Problem details: All of the data, from the first line to the last, should be reproduced without alteration.

Data entries:
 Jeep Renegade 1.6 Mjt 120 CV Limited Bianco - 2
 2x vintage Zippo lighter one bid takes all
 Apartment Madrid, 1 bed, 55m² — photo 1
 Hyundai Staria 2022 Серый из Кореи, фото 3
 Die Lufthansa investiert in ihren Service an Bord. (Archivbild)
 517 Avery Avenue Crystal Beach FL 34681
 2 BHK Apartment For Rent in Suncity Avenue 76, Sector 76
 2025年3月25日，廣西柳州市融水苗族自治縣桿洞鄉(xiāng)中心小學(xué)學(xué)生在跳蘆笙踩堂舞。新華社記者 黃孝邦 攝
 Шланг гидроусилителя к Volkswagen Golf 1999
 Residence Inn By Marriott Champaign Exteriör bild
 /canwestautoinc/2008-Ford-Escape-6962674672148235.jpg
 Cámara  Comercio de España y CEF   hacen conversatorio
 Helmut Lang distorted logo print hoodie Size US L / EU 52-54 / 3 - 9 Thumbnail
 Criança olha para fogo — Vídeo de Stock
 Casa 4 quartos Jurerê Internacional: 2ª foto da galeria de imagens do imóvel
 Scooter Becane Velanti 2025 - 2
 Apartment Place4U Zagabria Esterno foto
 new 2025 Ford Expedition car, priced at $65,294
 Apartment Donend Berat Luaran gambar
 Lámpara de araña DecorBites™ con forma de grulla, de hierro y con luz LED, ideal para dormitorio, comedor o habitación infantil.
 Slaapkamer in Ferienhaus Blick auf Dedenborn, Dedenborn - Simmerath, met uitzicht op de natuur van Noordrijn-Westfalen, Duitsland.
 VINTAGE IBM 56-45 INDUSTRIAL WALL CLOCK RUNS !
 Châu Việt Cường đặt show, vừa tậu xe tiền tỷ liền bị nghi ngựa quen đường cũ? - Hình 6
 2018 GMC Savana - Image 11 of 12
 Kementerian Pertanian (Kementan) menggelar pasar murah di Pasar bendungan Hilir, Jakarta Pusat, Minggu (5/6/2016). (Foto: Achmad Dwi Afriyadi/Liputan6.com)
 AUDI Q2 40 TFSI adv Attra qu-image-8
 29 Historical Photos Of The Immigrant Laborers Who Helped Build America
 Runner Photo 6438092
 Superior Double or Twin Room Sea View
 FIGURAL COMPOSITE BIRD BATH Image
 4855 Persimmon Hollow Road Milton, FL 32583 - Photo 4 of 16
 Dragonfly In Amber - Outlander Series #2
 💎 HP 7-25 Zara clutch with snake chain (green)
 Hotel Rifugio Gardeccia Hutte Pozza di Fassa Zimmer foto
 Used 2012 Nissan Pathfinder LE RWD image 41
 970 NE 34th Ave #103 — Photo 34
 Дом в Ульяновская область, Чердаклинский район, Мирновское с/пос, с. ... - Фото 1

Task result:
 Jeep Renegade 1.6 Mjt 120 CV Limited Bianco - 2
 2x vintage Zippo lighter one bid takes all
 Apartment Madrid, 1 bed, 55m² — photo 1
 Hyundai Staria 2022 Серый из Кореи, фото 3
 Die Lufthansa investiert in ihren Service an Bord. (Archivbild)
 517 Avery Avenue Crystal Beach FL 34681
 2 BHK Apartment For Rent in Suncity Avenue 76, Sector 76
 2025年3月25日，廣西柳州市融水苗族自治縣桿洞鄉(xiāng)中心小學(xué)學(xué)生在跳蘆笙踩堂舞。新華社記者 黃孝邦 攝
 Шланг гидроусилителя к Volkswagen Golf 1999
 Residence Inn By Marriott Champaign Exteriör bild
 /canwestautoinc/2008-Ford-Escape-6962674672148235.jpg
 Cámara  Comercio de España y CEF   hacen conversatorio
 Helmut Lang distorted logo print hoodie Size US L / EU 52-54 / 3 - 9 Thumbnail
 Criança olha para fogo — Vídeo de Stock
 Casa 4 quartos Jurerê Internacional: 2ª foto da galeria de imagens do imóvel
 Scooter Becane Velanti 2025 - 2
 Apartment Place4U Zagabria Esterno foto
 new 2025 Ford Expedition car, priced at $65,294
 Apartment Donend Berat Luaran gambar
 Lámpara de araña DecorBites™ con forma de grulla, de hierro y con luz LED, ideal para dormitorio, comedor o habitación infantil.
 Slaapkamer in Ferienhaus Blick auf Dedenborn, Dedenborn - Simmerath, met uitzicht op de natuur van Noordrijn-Westfalen, Duitsland.
 VINTAGE IBM 56-45 INDUSTRIAL WALL CLOCK RUNS !
 Châu Việt Cường đặt show, vừa tậu xe tiền tỷ liền bị nghi ngựa quen đường cũ? - Hình 6
 2018 GMC Savana - Image 11 of 12
 Kementerian Pertanian (Kementan) menggelar pasar murah di Pasar bendungan Hilir, Jakarta Pusat, Minggu (5/6/2016). (Foto: Achmad Dwi Afriyadi/Liputan6.com)
 AUDI Q2 40 TFSI adv Attra qu-image-8
 29 Historical Photos Of The Immigrant Laborers Who Helped Build America
 Runner Photo 6438092
 Superior Double or Twin Room Sea View
 FIGURAL COMPOSITE BIRD BATH Image
 4855 Persimmon Hollow Road Milton, FL 32583 - Photo 4 of 16
 Dragonfly In Amber - Outlander Series #2
 💎 HP 7-25 Zara clutch with snake chain (green)
 Hotel Rifugio Gardeccia Hutte Pozza di Fassa Zimmer foto
 Used 2012 Nissan Pathfinder LE RWD image 41
 970 NE 34th Ave #103 — Photo 34
 Дом в Ульяновская область, Чердаклинский район, Мирновское с/пос, с. ... - Фото 1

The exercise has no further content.